Pub tenancy and lease agreements will include requirements to keep the property in good condition and the agreement will (or should) make clear who is responsible for what. At the end of the tenancy or lease, the pub company may claim for ‘dilapidations’ i.e. for the cost of carrying out the repairs that should have been done by the licensee. As might be imagined, this is an area where disputes are rife.
Dilapidations are covered by the Landlord and Tenant Act 1927. This states that a landlord can only claim for any diminution in the capital value of the property that stems from repair obligations not having been undertaken. The Act also disallows the landlord from charging for work where tenants intend making alterations e.g. repairing an internal wall which will then be removed as part of a renovation scheme.
Most tenancies these days are, what is called, ‘put and keep agreements’. This means that if something is in disrepair, you take on the responsibility to put it right. Some pub companies have used this to claim the cost of rectifying very long-standing structural faults so tenants need to take great care before signing the agreement, including getting their own structural survey. They should then negotiate some kind of discount to compensate for the work that both parties agree needs to be carried out. An agreed schedule of condition at the start of the tenancy will limit both liability and the scope for later argument.
Pub companies are required to provide a schedule of dilapidations either six months before the tenancy ends or within two months of notice being served on or by the tenant. (However, a wise tenant will start negotiations well before this. They could, for instance, insist on an annual ‘want and repair’ schedule documenting any potential issues, thus making unexpected final demands easier to challenge.) The company will employ a surveyor to inspect the property though the tenant will have to meet the cost (around £800). The outcome will be a schedule setting out all the alleged breaches of repair liability along with a bill payable to the company to carry out those repairs — although the tenant can choose to arrange the repairs themselves, which just might turn out cheaper.
Should the tenant not accept the report they can then appoint their own surveyor (albeit at a cost). The parties then need to negotiate agreement on a fair bill — easier said than done in many cases. If no progress can be made then the Royal Institute of Chartered Surveyors offers a Dilapidations Dispute Resolution Scheme which levels the playing field by having an independent surveyor produce a report. Outcomes can be revealing e.g. in one case the company’s surveyor costed repairs at £168k while the independent’s figure was £25k.
Tenants and tenant campaigners regularly accuse pub companies of ‘trying it on’ with dilapidations, using them both as an income stream and a deterrent to pursuing the Market Rent Only option. They also have evidence that where the costs of dilapidation are charged to outgoing tenants, the work is rarely if ever done and therefore inherited by the new people.
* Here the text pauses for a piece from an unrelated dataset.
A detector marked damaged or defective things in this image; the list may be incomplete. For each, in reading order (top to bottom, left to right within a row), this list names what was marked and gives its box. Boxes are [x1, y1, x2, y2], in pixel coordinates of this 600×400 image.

The Pubs Code Adjudicator acknowledged the difficulties that often arise and so established a working group, led by the British Beer and Pub Association, to investigate what could be done to address the issues. The final guidance was due to be published ‘by the end of 2019’ — nothing has yet materialised but the BBPA are ‘hopeful’ that it will by the end of 2021. (At time of writing, October 2023, there is still nothing.)
A tenant who does their homework, looks after the pub and knows their legal rights ought to have little to fear but messy disputes still arise far too often. We’ll finish off with one such story.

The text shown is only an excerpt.